[Stored entries]

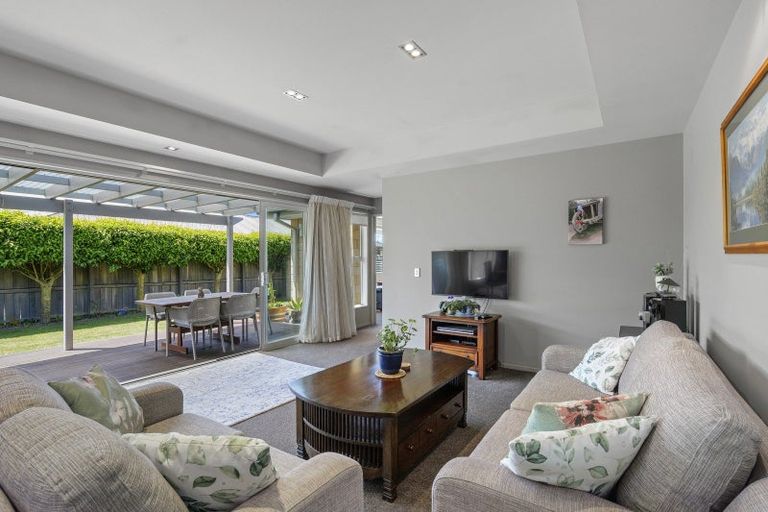 Photo of property in 10 Pemberton Drive, Darfield, 7510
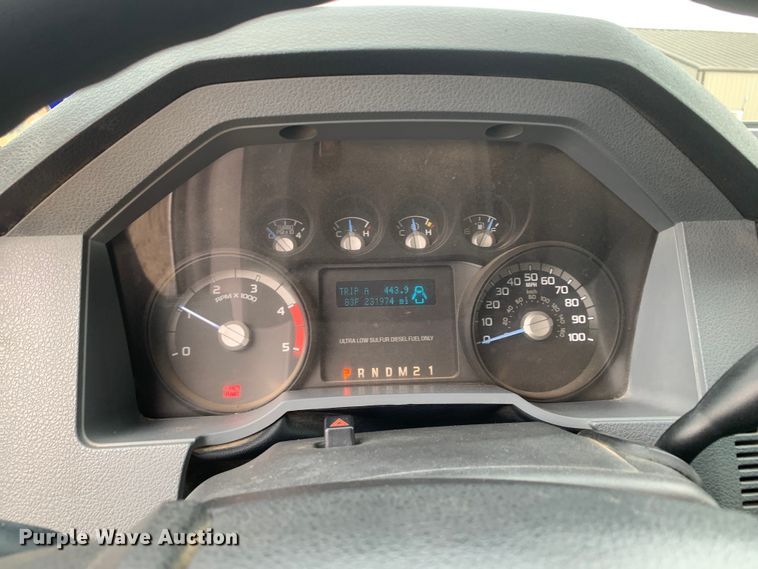 image for item NQ9577 2015 Ford F550 Super Duty XL SuperCab utility / service truck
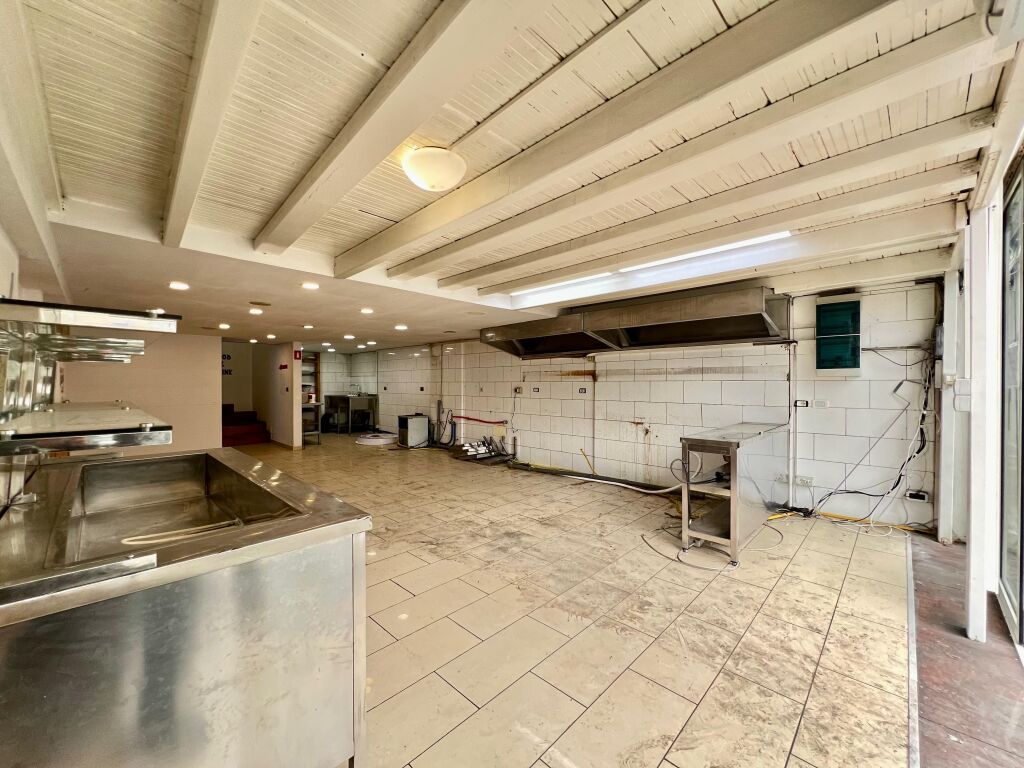 OCCASIONE‼️ NEGOZIO/DUPLEX 130m2, VIA KAVAJES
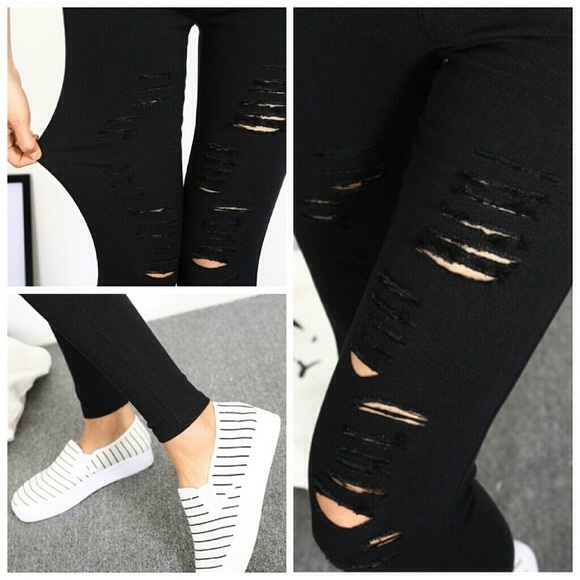 Super stretch distressed black skinnies - Picture 3 of 4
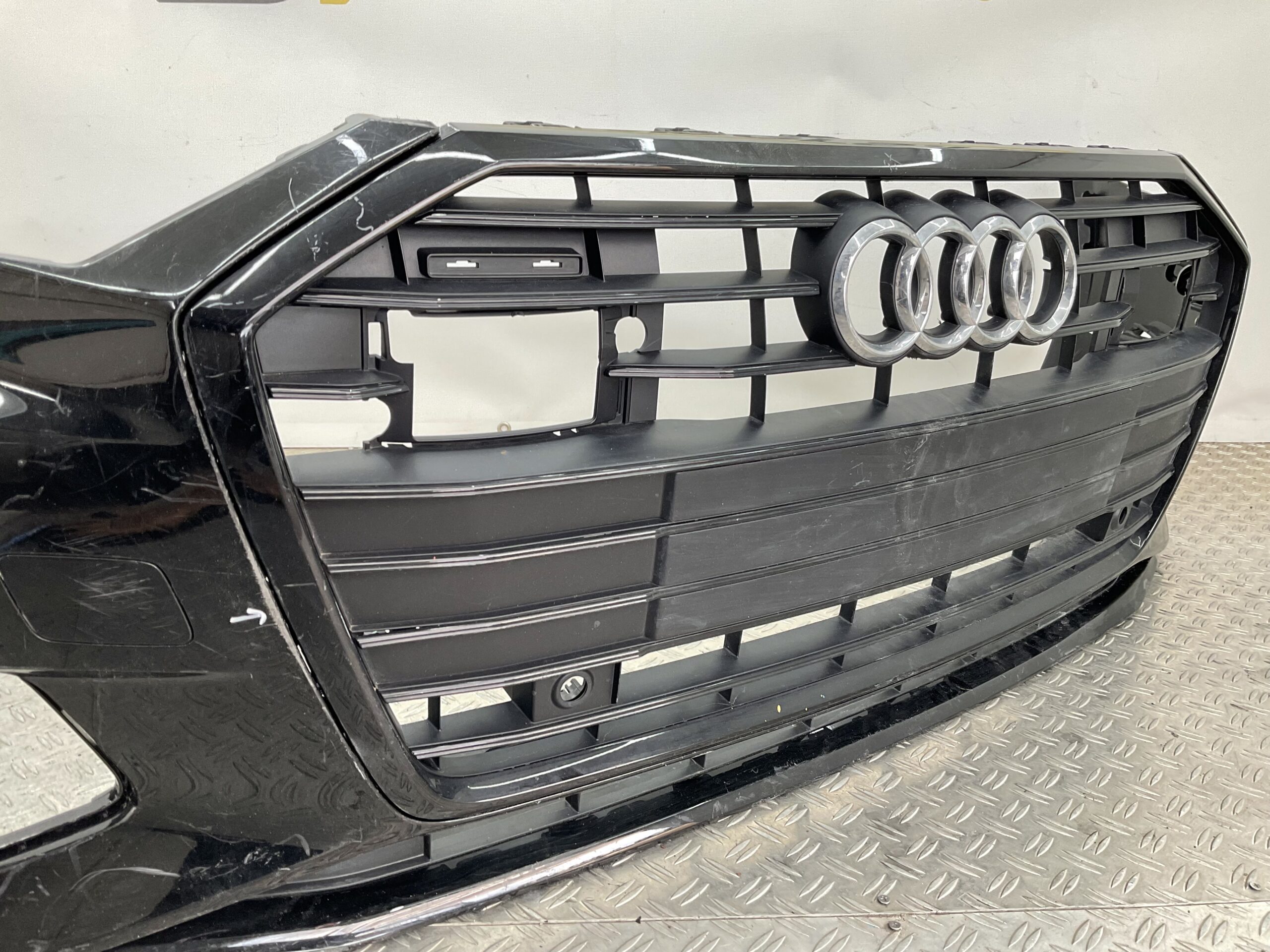 Bumper Audi A6 C8 4K kls 4K0807437 Voorbumper H5-18704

* _GOAL OF THE EXERCISE_
Print every line above once more, exactly. Omit the pictures.

* _TASK OUTPUT_
 Photo of property in 10 Pemberton Drive, Darfield, 7510
 image for item NQ9577 2015 Ford F550 Super Duty XL SuperCab utility / service truck
 OCCASIONE‼️ NEGOZIO/DUPLEX 130m2, VIA KAVAJES
 Super stretch distressed black skinnies - Picture 3 of 4
 Bumper Audi A6 C8 4K kls 4K0807437 Voorbumper H5-18704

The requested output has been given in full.